Enfim: o desemboque de
tensões e comportamentos que
vinham sendo represados desde o final da Segunda Guerra.
A canção popular deixa de
ser apenas o xarope edulcorante das massas e assume o papel
de construtora de um discurso
crítico social e comportamental na mídia.
Em 1968, Bob Dylan sucedia
Woody Guthrie, o poeta dos
EUA rurais, transformando o
folk numa lâmina afiada.
O rock and roll deixa de ser
apenas mais um produto do
showbiz da classe média urbana norte-americana e mergulha na incorporação estilística
da música negra, por meio de
figuras como Jimi Hendrix
-que lança "Electric Ladyland" e coloca fogo na cena musical em Woodstock, em 1969.
Jazz, blues, rock
Retrospectivamente, nota-se
que a grande influência e matriz musical ocidental pós-68
vem da "grande música negra
norte-americana" (como denominava o Art Ensemble de Chicago).
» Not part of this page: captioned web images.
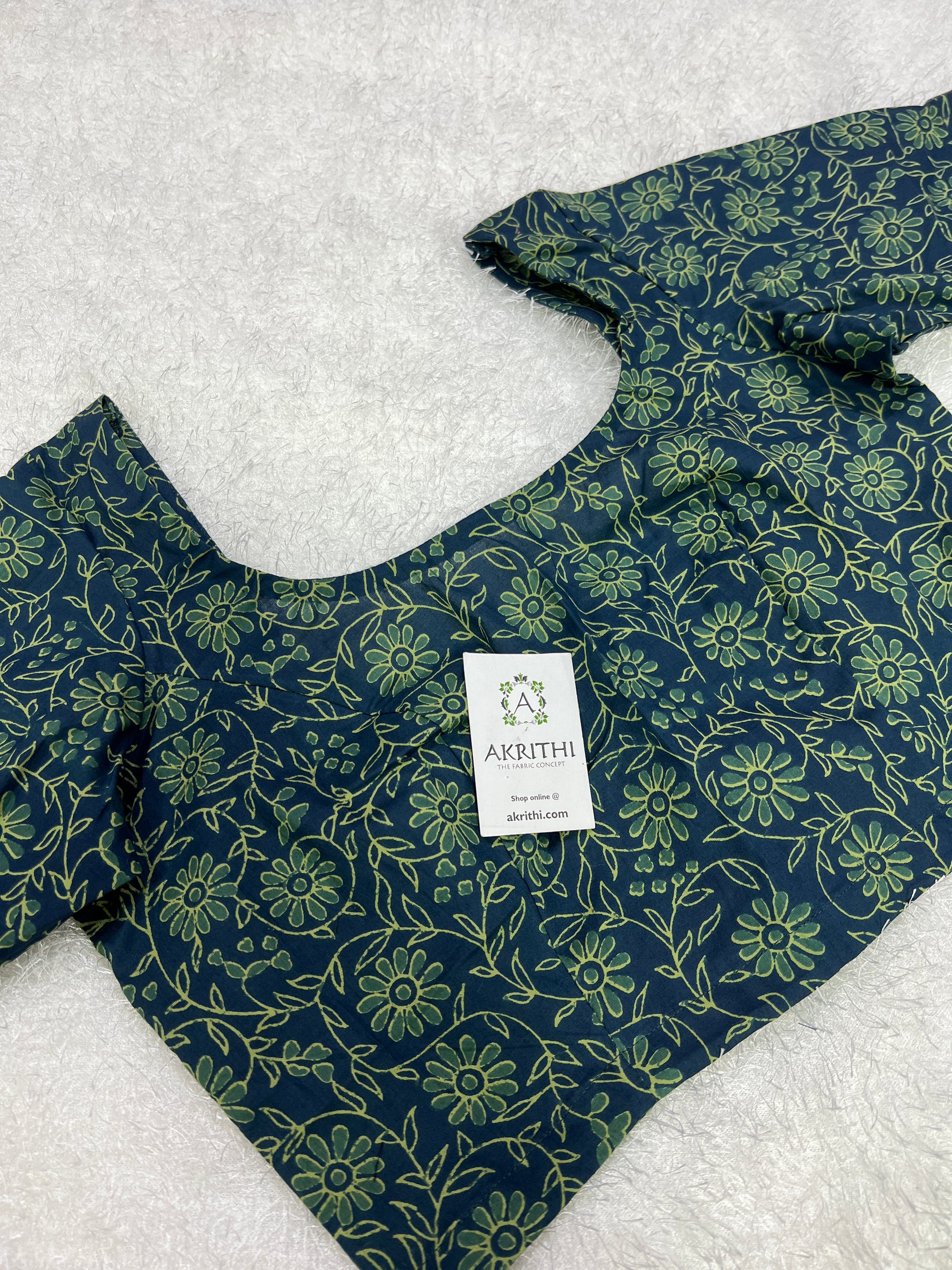 Cotton blouse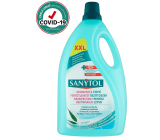 Sanytol Eukalyptus univerzální dezinfekční čisticí prostředek na podlahy a plochy 5 l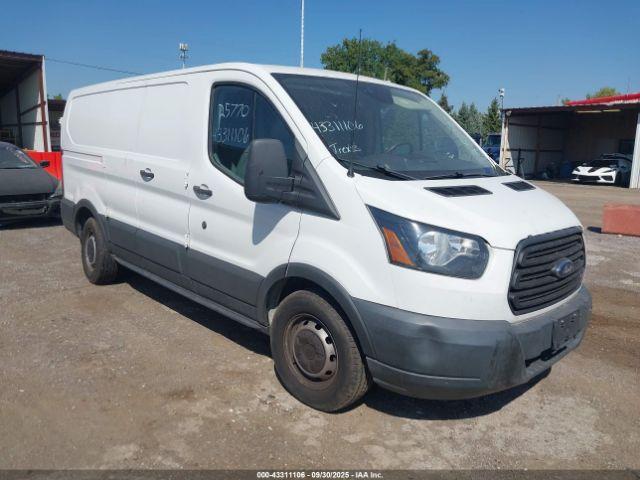  Salvage Ford Transit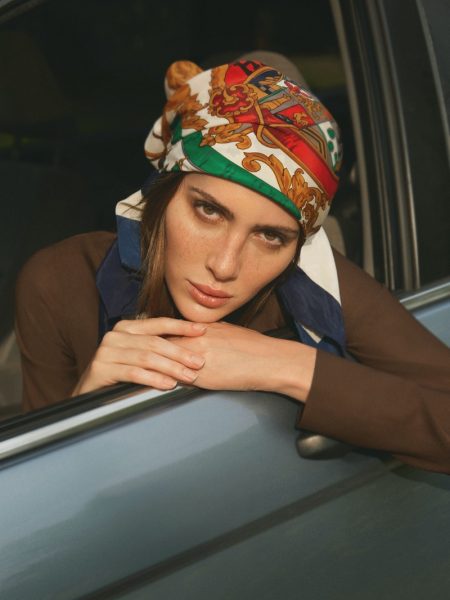 Teddy Quinlivan Graces the Pages of ISSUE Magazine Teddy Quinlivan Graces the Pages of ISSUE Magazine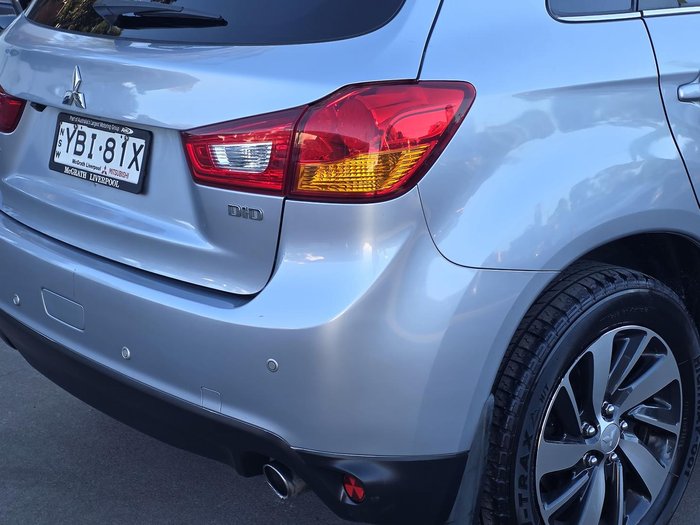 2015 Mitsubishi ASX LS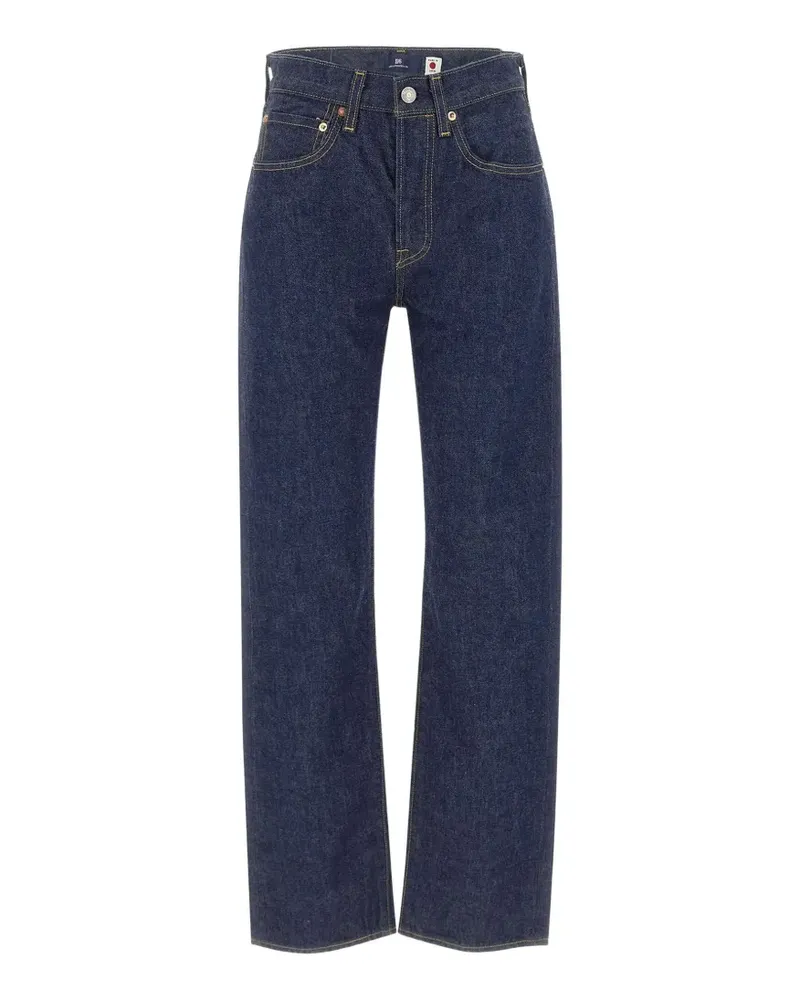 Levi's Blue Tab 70s 501 selvedge jeans - Blau Blau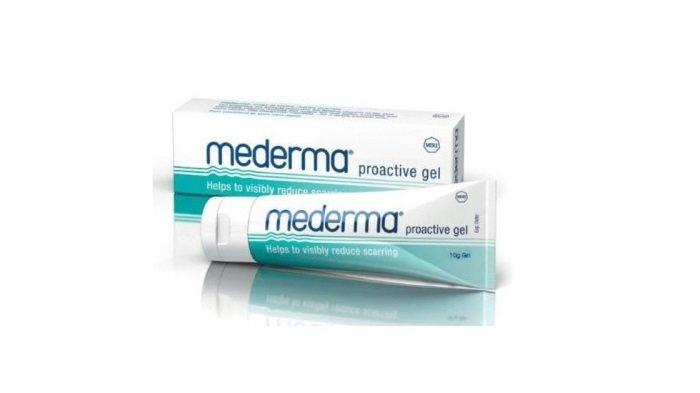 Mederma obat cacar air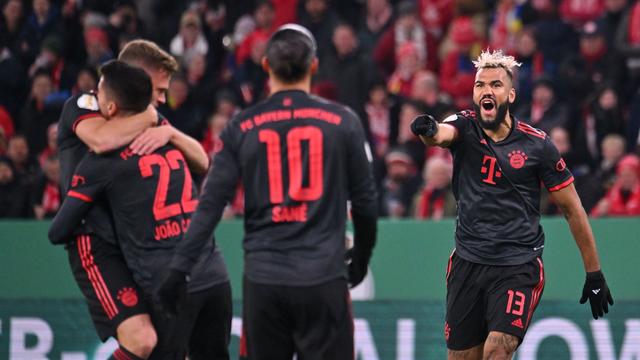 DFB-Pokal: Bayern in Mainz mit Neuzugang Cancelo in der Startelf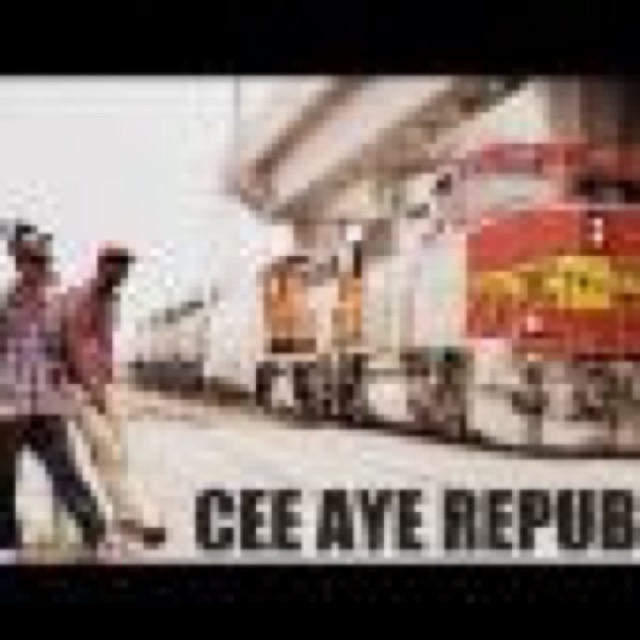 Cee Aye Republic by Cee Aye cover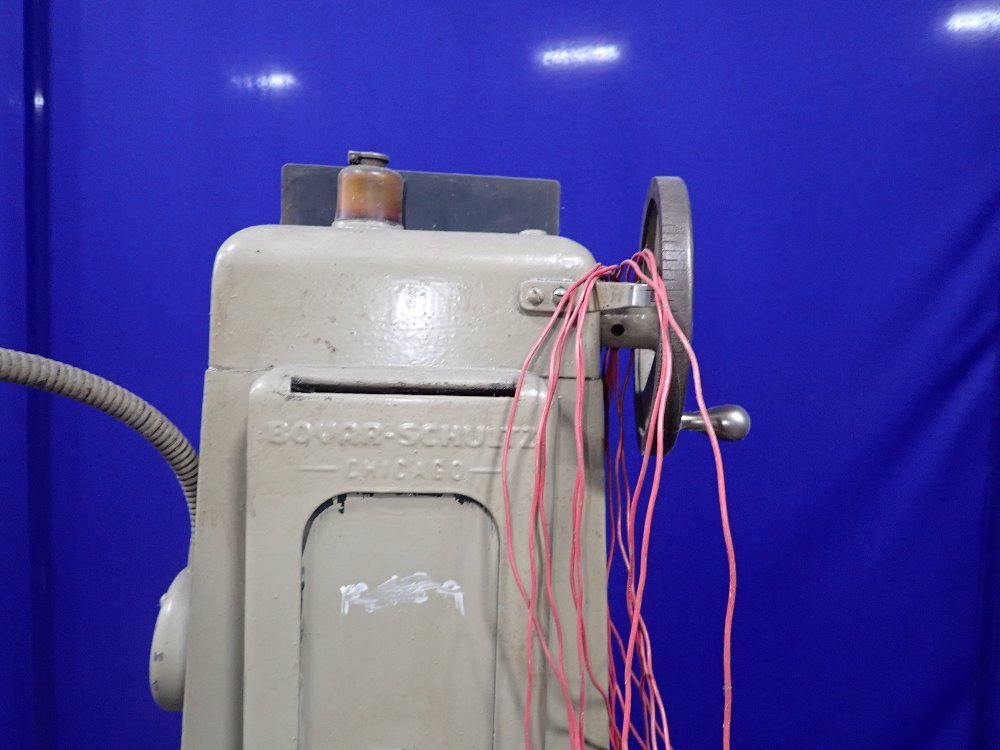 Boyar-schultz 6" X 12" Surface Grinder - 612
Pode-se dizer que o rock
encontra sua identidade na sociedade norte-americana
quando assume elementos da
música negra, especialmente
do blues.
No sentido contrário, o jazz
vai buscar nos materiais do
rock sua renovação, sendo Miles Davis e o LP "Bitches Brew",
lançado em 1970, um de seus
expoentes.
James Brown, chamado à TV
americana para tentar apaziguar o ânimo dos negros após o
assassinato de Luther King, é
ainda hoje uma das vozes mais
influentes nos jovens músicos
que realizam fusões em torno
do funk.
"Hair", o musical hippie estreado em 1967, e Janis Joplin
também pagaram seu tributo
ao gospel e ao estilo das cantoras negras desde Ella Fitzgerald, Sarah Vaughan e Nina Simone até Aretha Franklin.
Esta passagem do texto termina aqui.